This chapter presents direction of arrival (DoA) estimation with a compact array antenna using methods based on reactance switching. The compact array is the single-port electronically steerable parasitic array radiator (Espar) antenna. The antenna beam pattern is controlled though parasitic elements loaded with reactances. DoA estimation using an Espar antenna is proposed with the power pattern cross correlation (PPCC), reactance-domain (RD) multiple signal classification (MUSIC), and, RD estimation of signal parameters via rotational invariance techniques (ESPRIT) algorithms. The three methods exploit the reactance diversity provided by an Espar antenna to correlate different antenna output signals measured at different times and for different reactance values.
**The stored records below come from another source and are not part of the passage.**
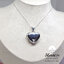 จี้เงินแท้92.5% จี้ล็อกเก็ต Locket หัวใจ ใส่รูปด้านในได้ค่ะ ใส่ได้ 2 ภาพ ขนาดเท่าเหรียญ 2 บาท(20mm.)ไม่รวมสร้อย (เรือนเงินแท้)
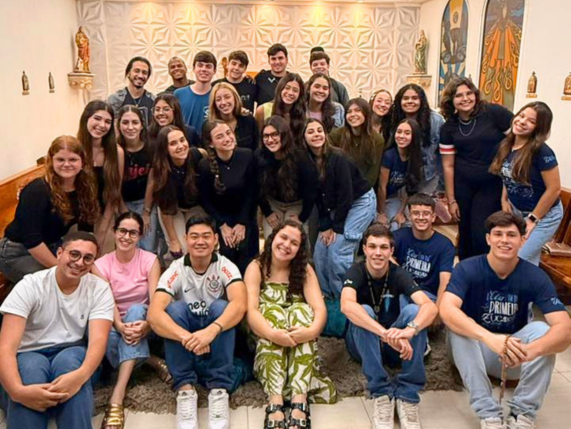 Grupo Desperta convida jovens a viverem uma fé mais profunda na Paróquia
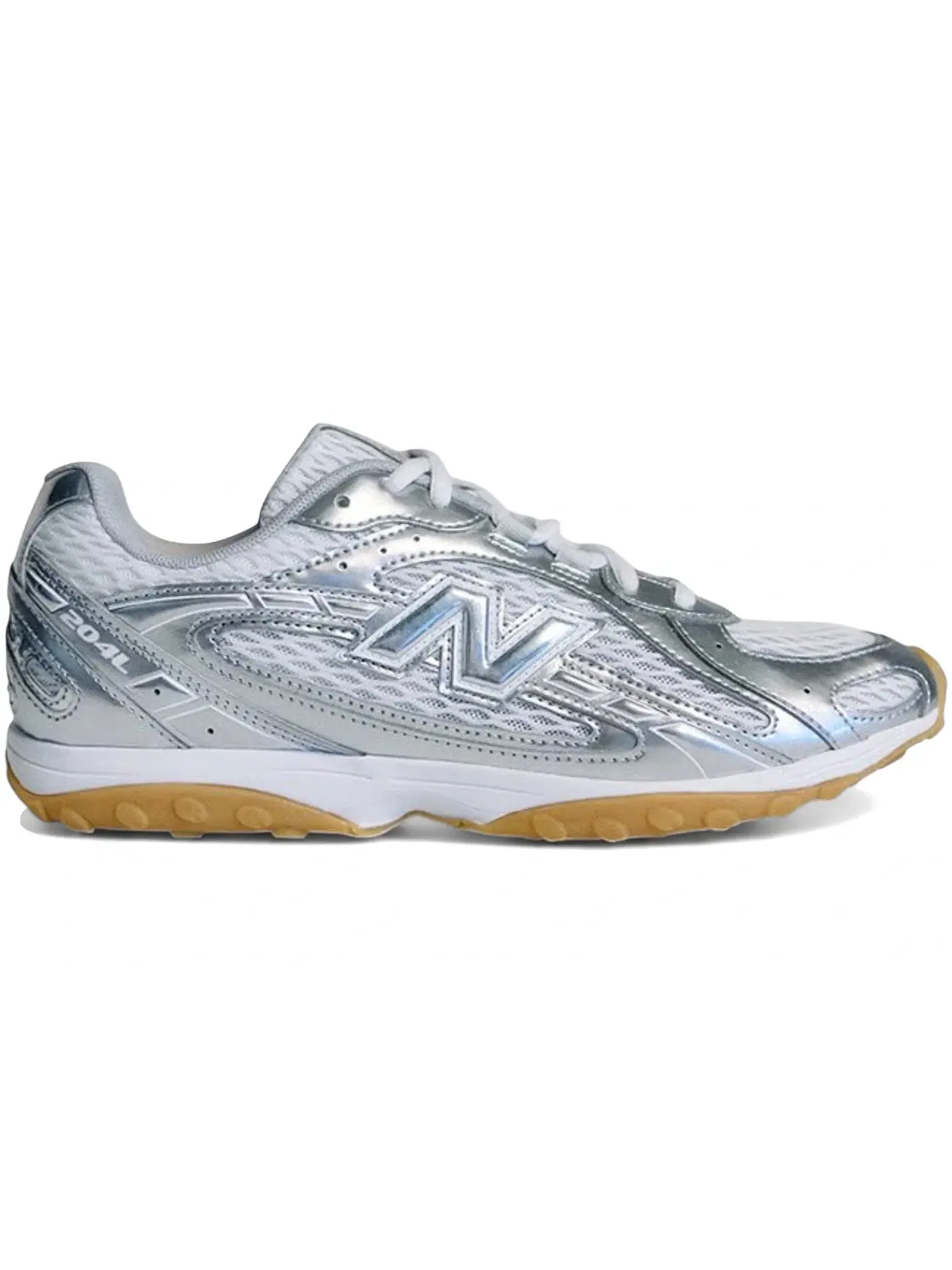 Мужские кроссовки Lifestyle New Balance 204L — изображение 1 из 1, серебристый металлик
The authors hope that this chapter allows the researchers to appreciate the issues that may be encountered in the implementation of direction-finding application with a single-port compact array like the Espar antenna.
The efficient use of direction-of-arrival (DoA) estimation techniques with smart antennas is an important research topic in wireless systems like ad hoc networks (Alexiou, 2004) or for the design of a DoA finder.
As a kind of smart antenna, switched parasitic antennas were proposed for cellular communications (Vaughan, 1999; Scott, 1999; Almhdie, 2000; Svantesson, 2002; Thiel, 2002). Compared to a conventional array antenna, which needs as many active radio receivers as antenna elements, a switched parasitic array antenna needs only a single active radio receiver. Therefore, the use of a switched parasitic antenna at the user side is an interesting alternative, since it can provide a small size, low cost and low power consumption for the receiver part. The switched parasitic antenna forms beams by using passive antenna elements that serve as reflectors when shorted to ground. Thus, a fixed number of directional patterns can be achieved by switching the short-circuits of the passive elements using p.i.n. diodes (Thiel, 2002). Switched parasitic antennas are known to improve the communication capacity in wireless communication systems (Almhdie, 2000), to perform high-resolution DoA estimation (Svantesson, 2002), such as that for personal locating services, and to provide antenna diversity (Vaughan, 1999; Scott, 1999) for adaptive communication systems.
The electronically steerable parasitic array radiator (Espar antenna), a kind of reactively controlled antenna (Harrington, 1978), was first proposed for low-cost user terminal applications (Ohira, 2000). Compared with simple switched parasitic antennas, the Espar antenna exhibits greater steerability control by means of its electronically controllable reactances and a more complex system for controlling the reactances (Thiel, 2004). Indeed, the parasitic element is connected to the ground by means of a reactance made with a reverse-bias varactor diode that can be controlled through loaded voltage. Thus, as a function of the reactance value, the parasitic element can variably act as a reflector or a radiator (Ohira, 2004, pp. 184-204). The continuous variability of the loaded reactance of the Espar antenna makes it more flexible than switched parasitic antennas because the number of possible directional patterns becomes greater (Thiel, 2004). Such a feature could be successfully employed, for example, in adaptive control processes involving beam and null forming, where the radiation pattern of an Espar antenna with a beampointing direction in the desired signal direction and nulls in the interference directions is obtained by optimizing the loaded reactances (Sun, 2004).